## Supplied data:

/---

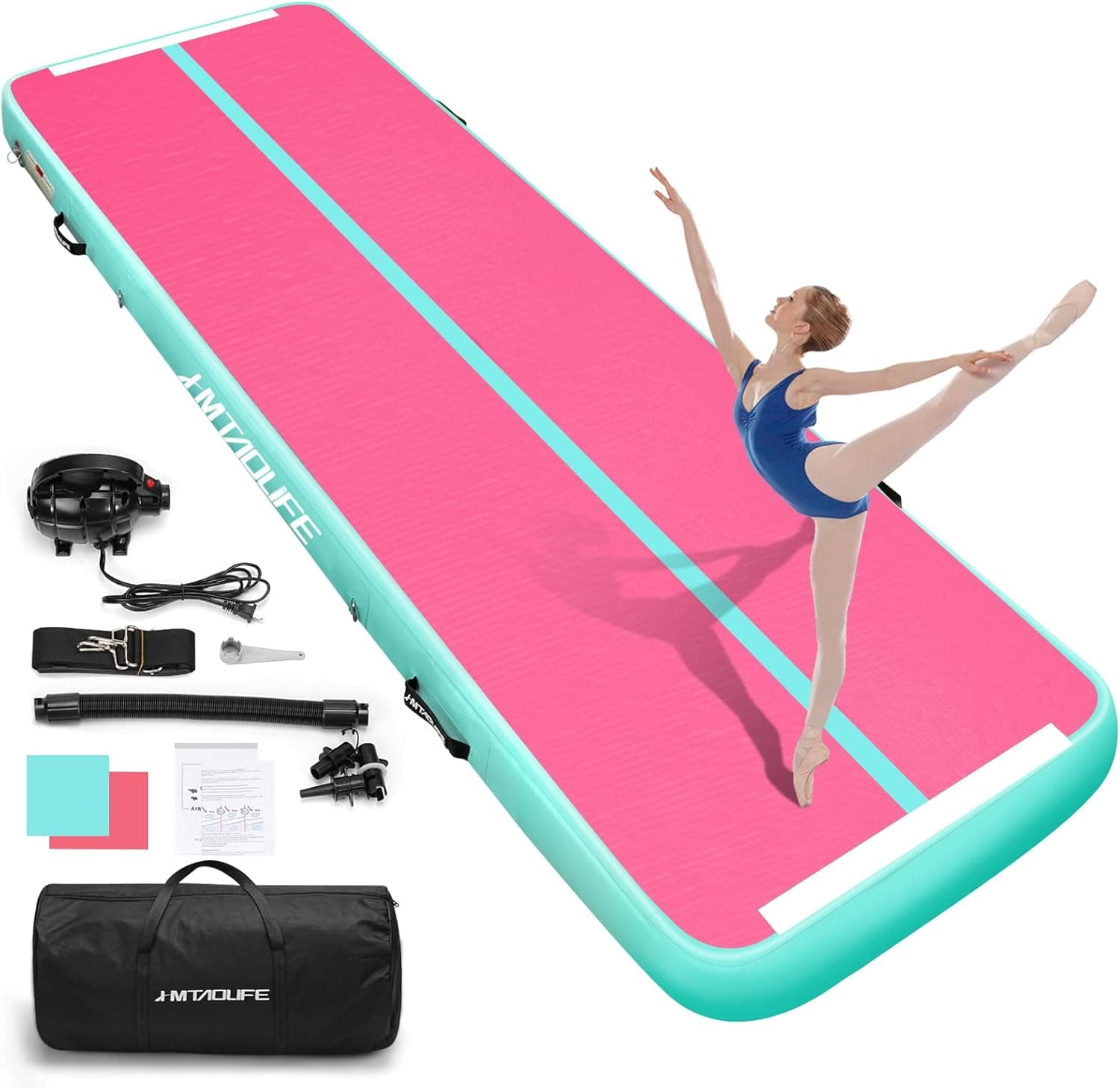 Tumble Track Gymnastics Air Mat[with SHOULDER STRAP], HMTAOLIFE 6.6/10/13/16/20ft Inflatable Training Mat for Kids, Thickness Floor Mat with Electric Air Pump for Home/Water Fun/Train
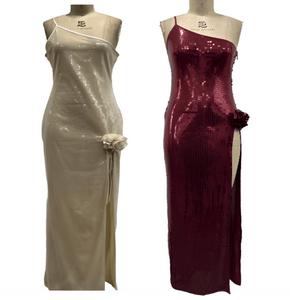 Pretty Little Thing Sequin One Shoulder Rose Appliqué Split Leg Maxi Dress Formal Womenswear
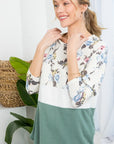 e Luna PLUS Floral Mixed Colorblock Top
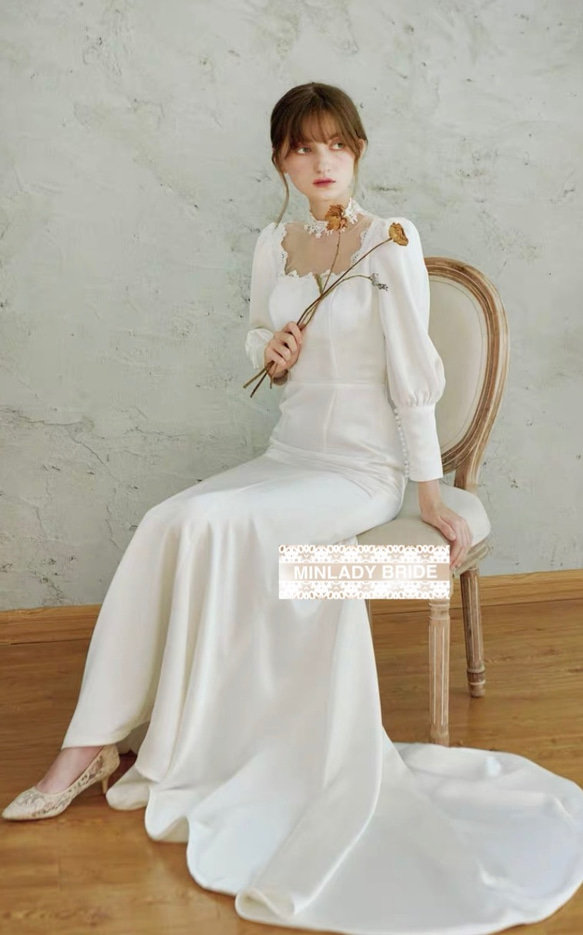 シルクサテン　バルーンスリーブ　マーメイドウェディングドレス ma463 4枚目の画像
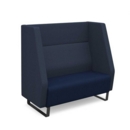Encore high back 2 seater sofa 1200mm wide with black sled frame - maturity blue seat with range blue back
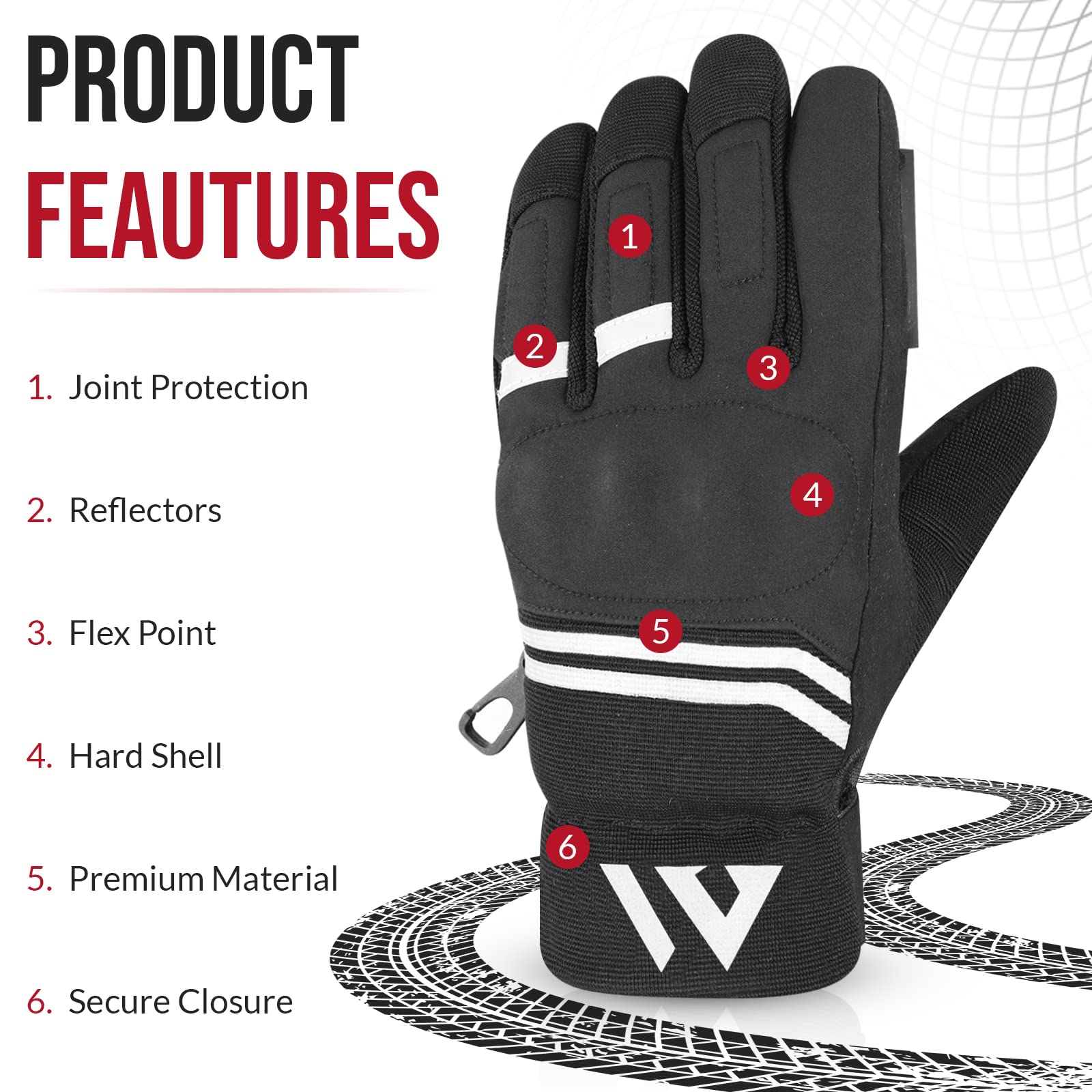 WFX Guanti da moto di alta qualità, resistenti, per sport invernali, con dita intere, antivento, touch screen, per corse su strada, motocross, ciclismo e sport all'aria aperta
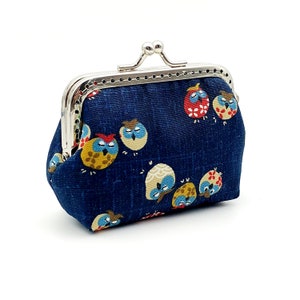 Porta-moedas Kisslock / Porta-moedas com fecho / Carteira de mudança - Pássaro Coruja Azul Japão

\---
/---

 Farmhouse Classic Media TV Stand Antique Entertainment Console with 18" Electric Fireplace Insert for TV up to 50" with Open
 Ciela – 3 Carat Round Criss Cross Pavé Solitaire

\---
/---

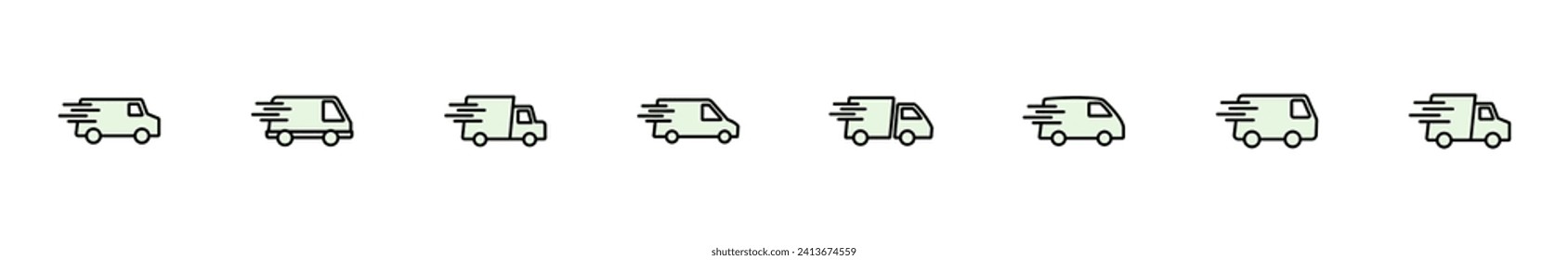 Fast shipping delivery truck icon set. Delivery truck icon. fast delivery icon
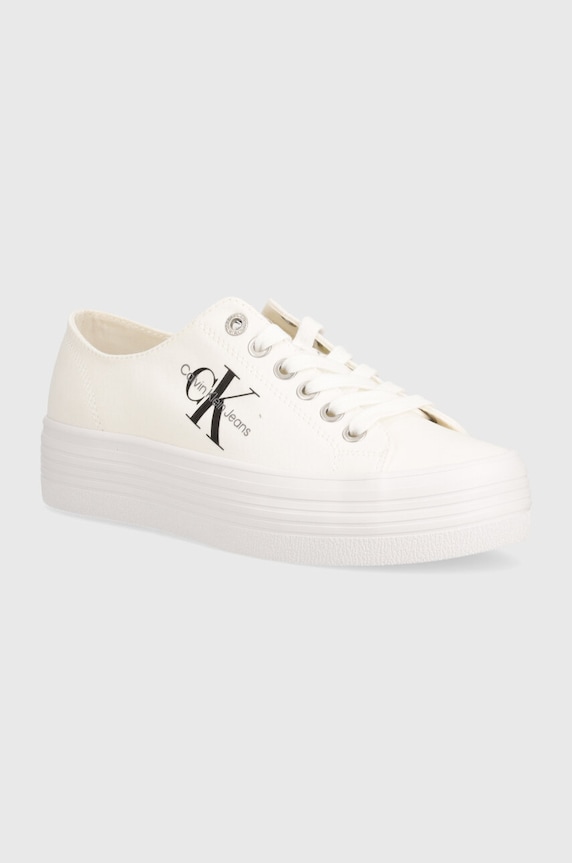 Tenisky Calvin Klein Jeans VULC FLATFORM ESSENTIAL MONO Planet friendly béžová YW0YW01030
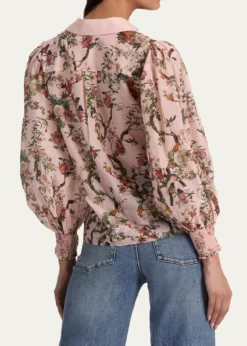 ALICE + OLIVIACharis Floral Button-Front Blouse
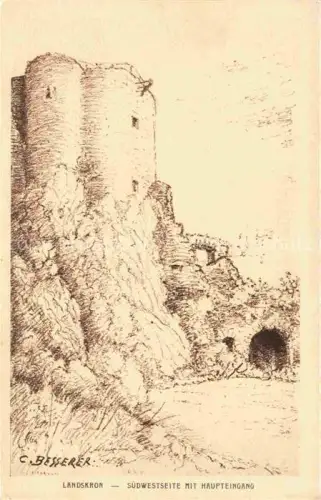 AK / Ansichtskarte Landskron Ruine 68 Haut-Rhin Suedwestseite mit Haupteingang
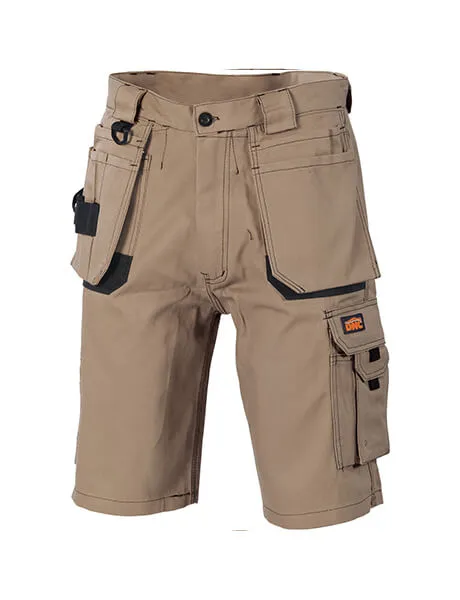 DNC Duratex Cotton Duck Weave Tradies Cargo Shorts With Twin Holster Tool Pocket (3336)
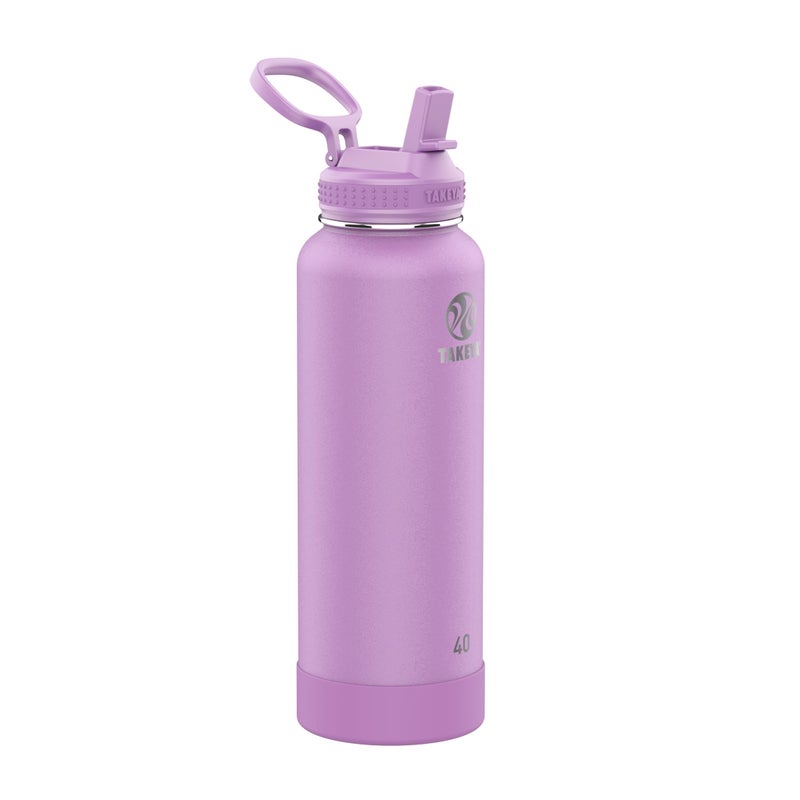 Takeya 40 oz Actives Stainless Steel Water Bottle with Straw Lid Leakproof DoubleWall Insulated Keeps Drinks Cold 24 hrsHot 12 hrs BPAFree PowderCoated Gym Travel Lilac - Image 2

\---

## What is expected:
Copy needed, without pictures: the lines of the listing above from the line containing "Pretty Little Thing" up to and including the line containing "Encore high back", set down exactly.

## Task output:
 Pretty Little Thing Sequin One Shoulder Rose Appliqué Split Leg Maxi Dress Formal Womenswear
 e Luna PLUS Floral Mixed Colorblock Top
 シルクサテン　バルーンスリーブ　マーメイドウェディングドレス ma463 4枚目の画像
Encore high back 2 seater sofa 1200mm wide with black sled frame - maturity blue seat with range blue back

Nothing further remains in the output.